_EXERCISE PROMPT_
With the pictures omitted, write out the entries that follow exactly as they stand.

*** Begin section ***

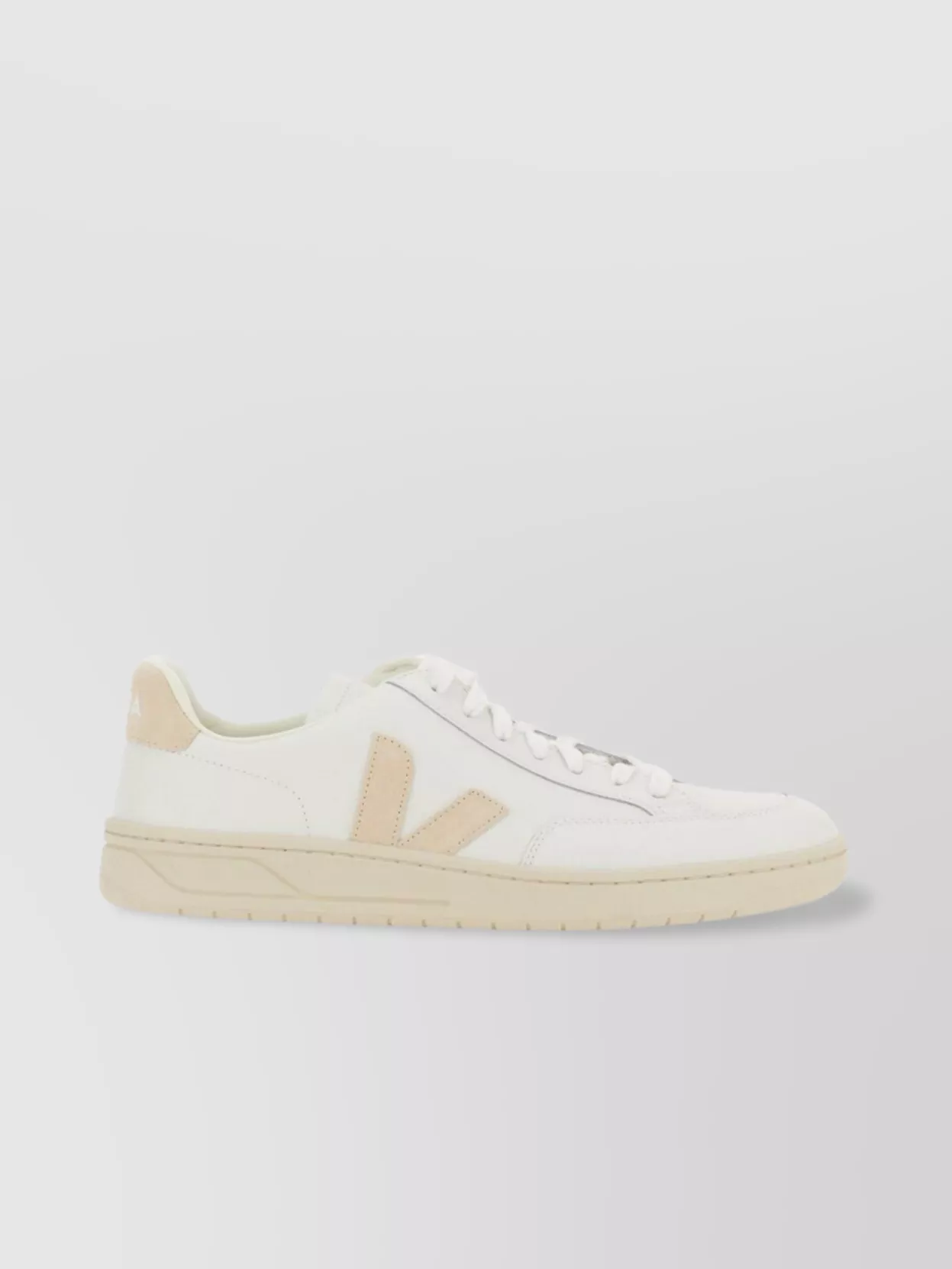 Veja V-12 Sneakers With Contrast Heel Tab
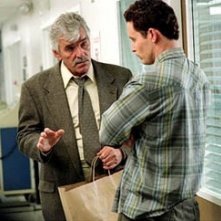 Cole Hauser e Dennis Farina in una scena di Paparazzi
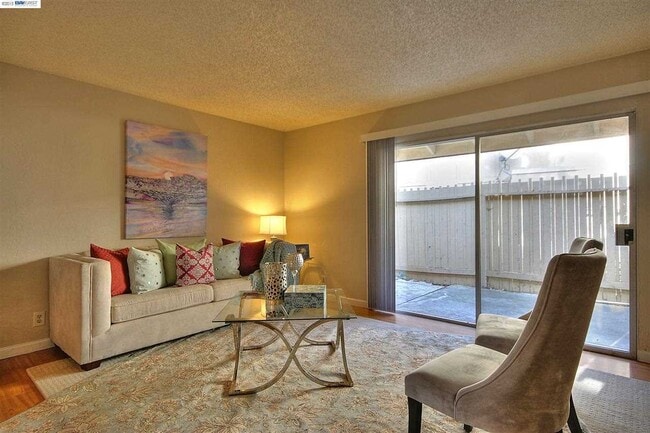 Building Photo - For Rent – Charming 2BR single level condo...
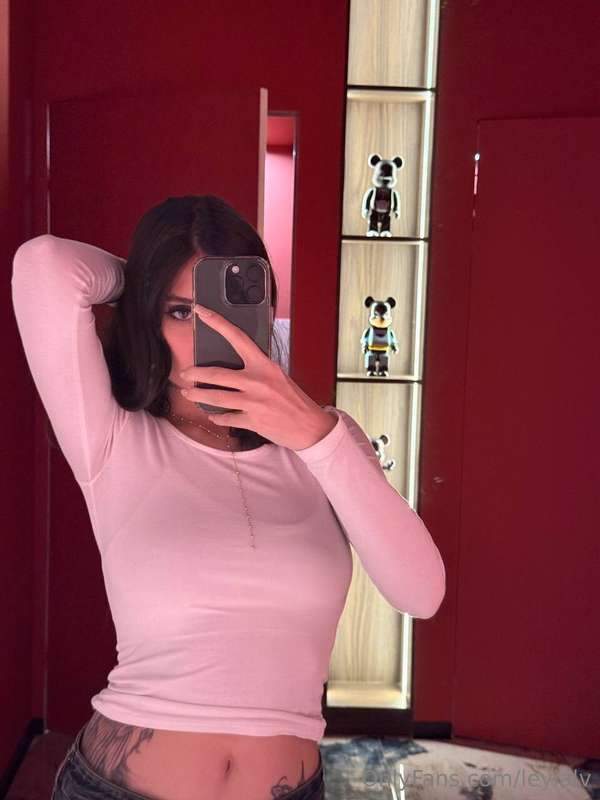 The mirror doesn't lie.... But sometimes it does 😉 And I oft..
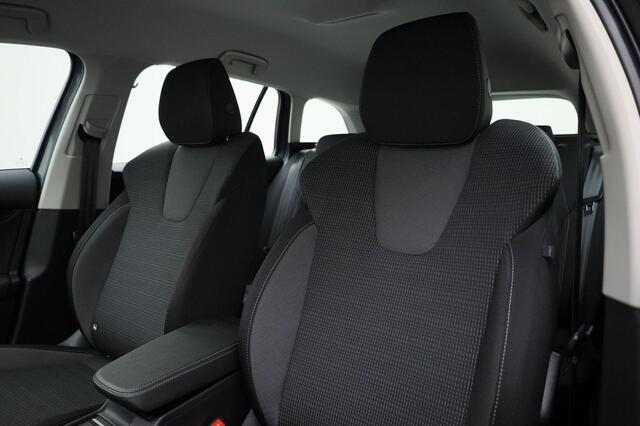 Skoda OCTAVIA Combi 1.5TSI/150PK MHEV Selection DSG · Trekhaak · Camera · Apple/Android · Keyless · Garantie tot januari 2027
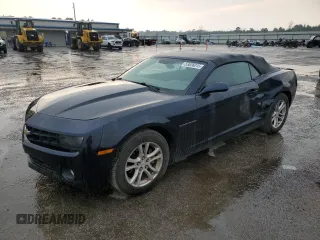 2013 Chevrolet Camaro LT z VIN 2G1FB3D32D9231352, wystawiony jako Copart lot #53626015 z przebiegiem 257 991 mil mil oraz Szkoda całkowita • Salvage title. Historia ofert i sprzedaży dostępna na DreamBid. Obrazek 1.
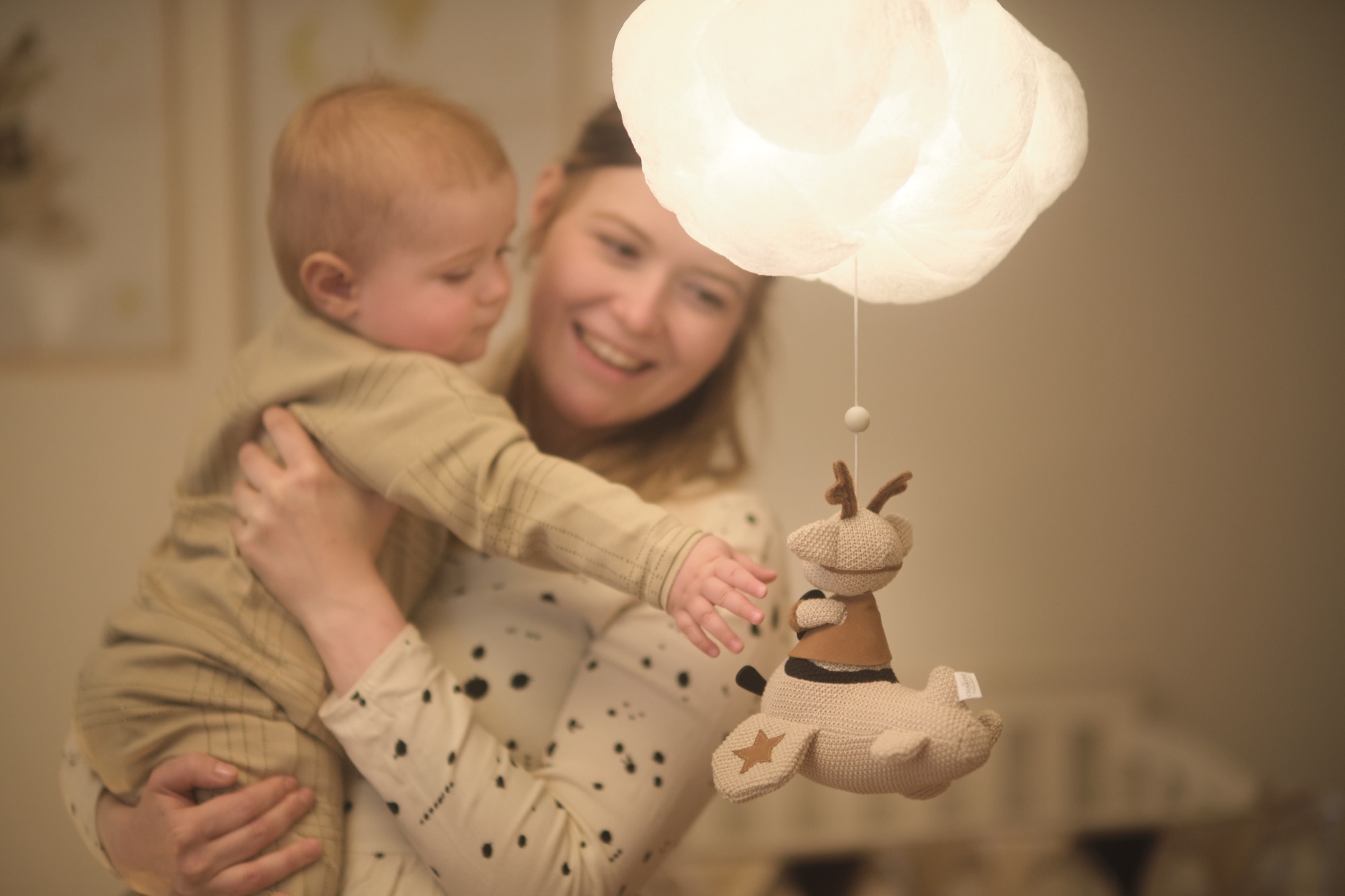 Natlampe med musik(1)
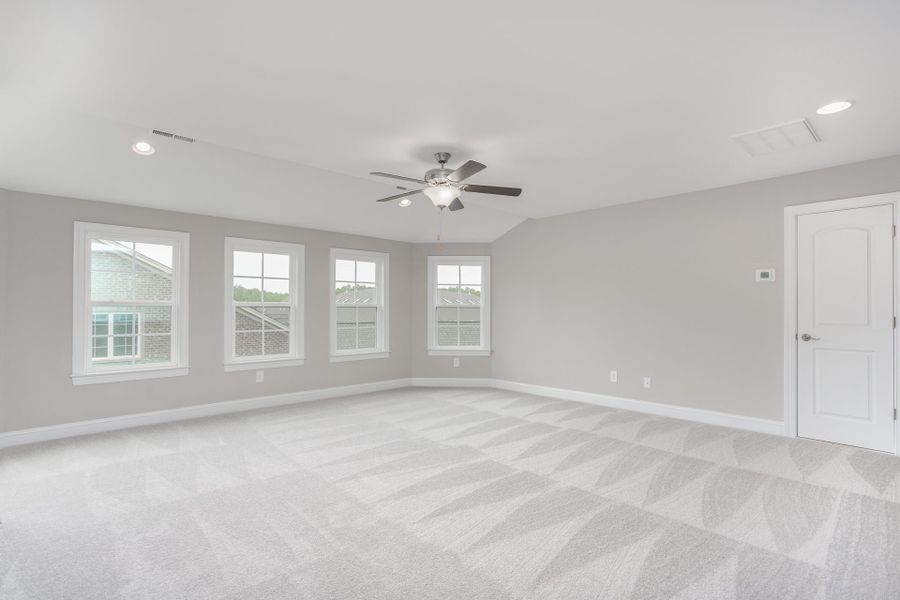 Representative unfurnished interior of a home built from the Kingston by Keystone Homes NC in Weybridge, Burlington (Image 32).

*** End section ***

_EXPECTED ANSWER_
 Veja V-12 Sneakers With Contrast Heel Tab
 Cole Hauser e Dennis Farina in una scena di Paparazzi
 Building Photo - For Rent – Charming 2BR single level condo...
 The mirror doesn't lie.... But sometimes it does 😉 And I oft..
 Skoda OCTAVIA Combi 1.5TSI/150PK MHEV Selection DSG · Trekhaak · Camera · Apple/Android · Keyless · Garantie tot januari 2027
 2013 Chevrolet Camaro LT z VIN 2G1FB3D32D9231352, wystawiony jako Copart lot #53626015 z przebiegiem 257 991 mil mil oraz Szkoda całkowita • Salvage title. Historia ofert i sprzedaży dostępna na DreamBid. Obrazek 1.
 Natlampe med musik(1)
 Representative unfurnished interior of a home built from the Kingston by Keystone Homes NC in Weybridge, Burlington (Image 32).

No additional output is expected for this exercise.